MUMBAI: UPL Ltd’s whistleblower saga is making investors a bit wary about its prospects. Its stock has slipped about 12% in the last two days after The Economic Times reported allegations based on a whistleblower account. In fact, the stock has not made much of a recovery even after the management issued a clarification. Some brokers such as CLSA reiterated their buy rating after the management’s comments, but the stock has stayed weak.
“Frequent governance issues for UPL, third time within a year, are worrying. UPL management has clarified their position on each instance, albeit it seems to provide lesser comfort to investors for now,” said analyst at Kotak Institutional Equities in a client note. The report added that investors should “steer clear, when unclear.”
These governance factors have weighed on the stock’s valuations which have dropped a considerable about 40% against its five-year average, point out analysts. In fact, UPL lost about 23% of its market capitalisation in the past one year.

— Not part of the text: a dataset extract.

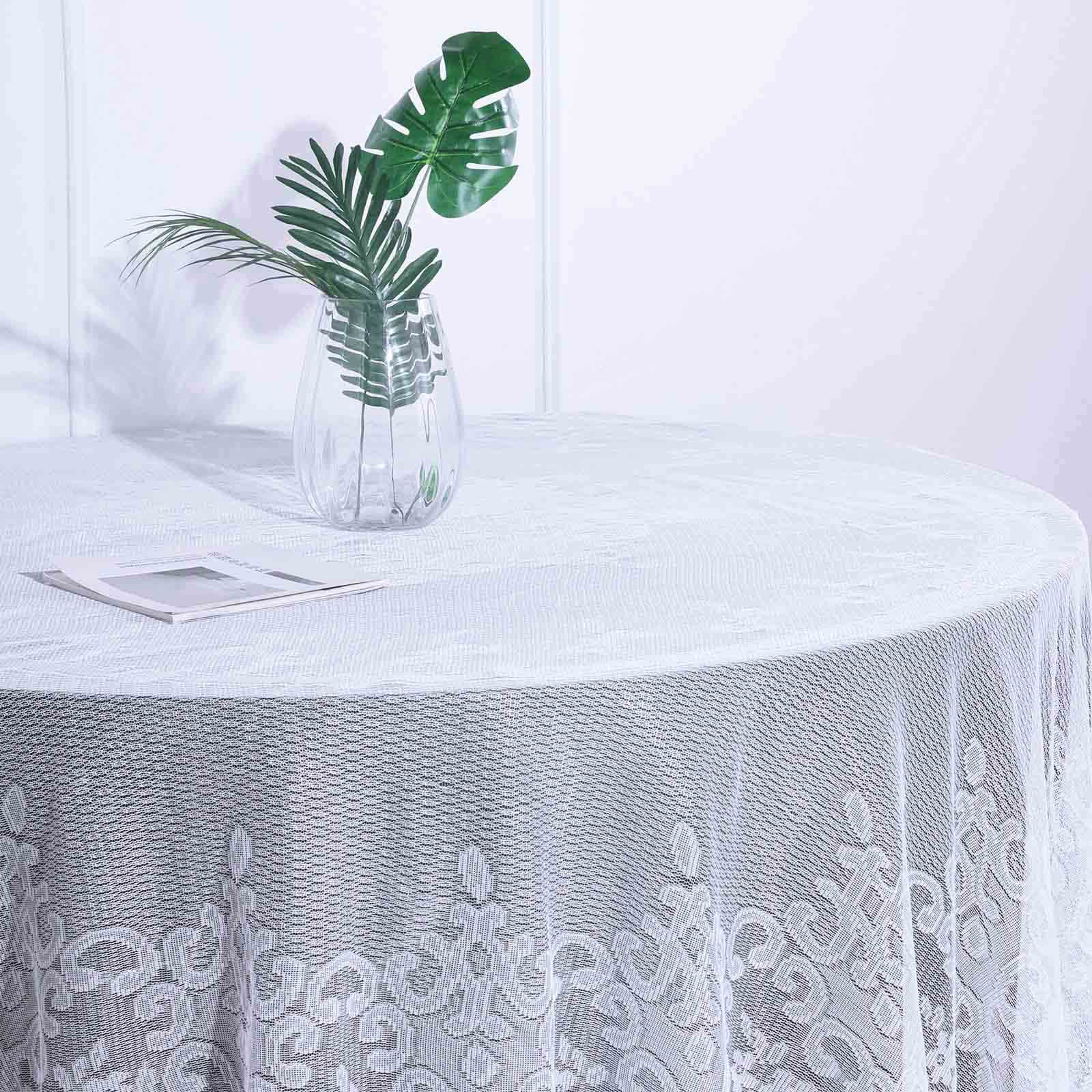 Lace Round Tablecloth 108" White with Premium Design - Perfect for Special Gatherings - Image 2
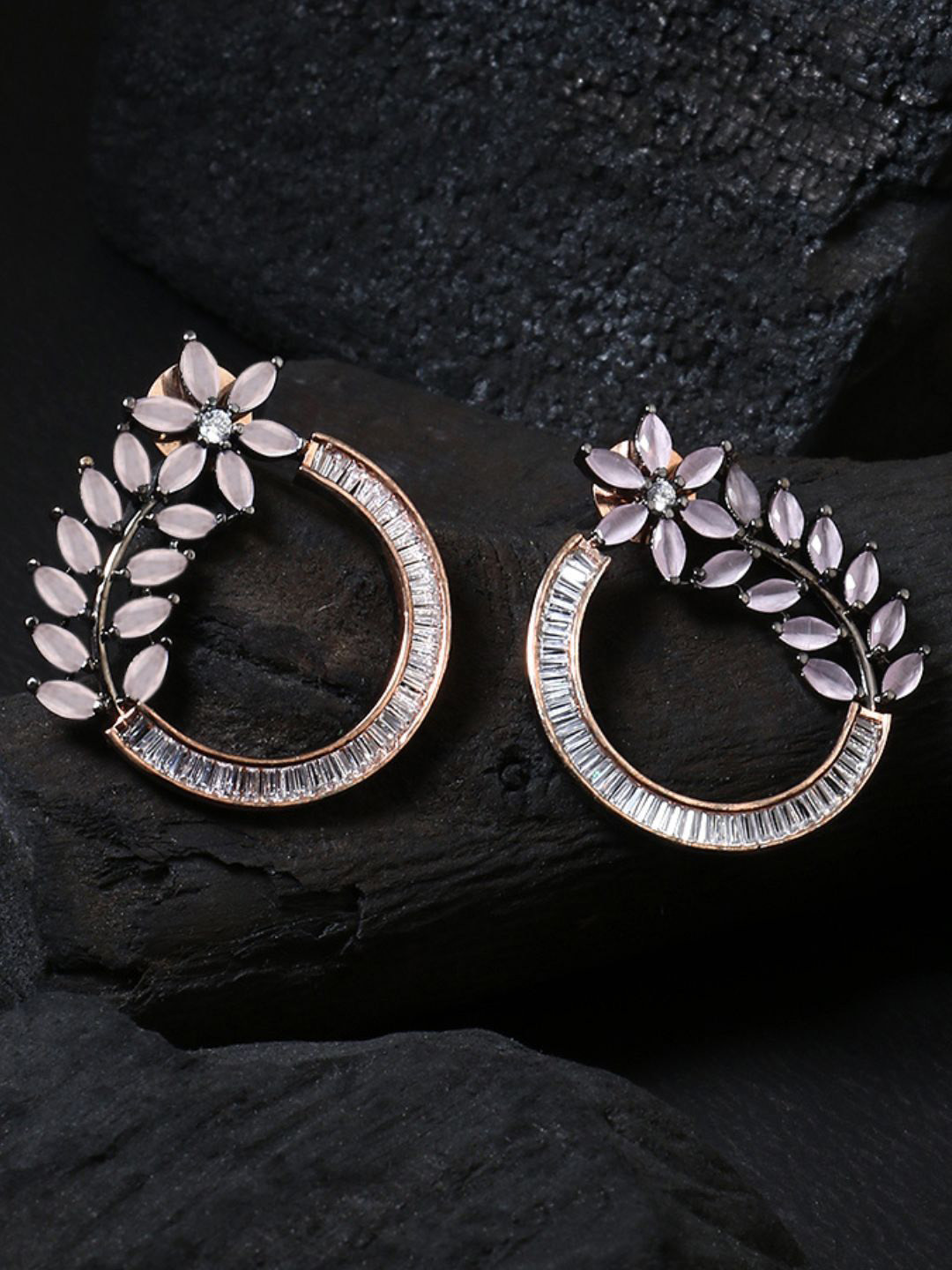 Sangria Rose Gold-Plated Artificial Stones Studded Flower Drop Earrings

On the other hand, the smaller agro-chemicals player PI Industries Ltd has been pulling ahead. The company recently pipped UPL to become the largest agri-business company on the bourses. PI Industries’ one-year forward valuation stands at about 44 times FY22 earnings as compared to the lowly 8.3 times for UPL, per data from Bloomberg. Sure enough, UPL is a much larger peer with businesses in Latin America and Europe. UPL’s performance has been hit by the pandemic, but analysts see a second-half recovery in business.
Another worry for the company remains its high debt levels. “Debt remains a key concern as net debt increased by ₹1780 crore in the first half compared to FY20. Overall, its balance sheet has not shown a significant improvement in the first half FY21. In 2HFY21, the company is targeting to repay $700 million in debt, which would be a key trigger to watch out for,” said analyst at Motilal Oswal Financial Services Ltd in a client note.
And investor sentiment may remain bogged due to low cash flow generation. “Recurring downgrades on consensus estimates amid limited conviction on optimistic guidance-led-forecasts, low free cash flow generation, high effective leverage and a few other issues have kept us cautious on the stock,” Kotak analysts say.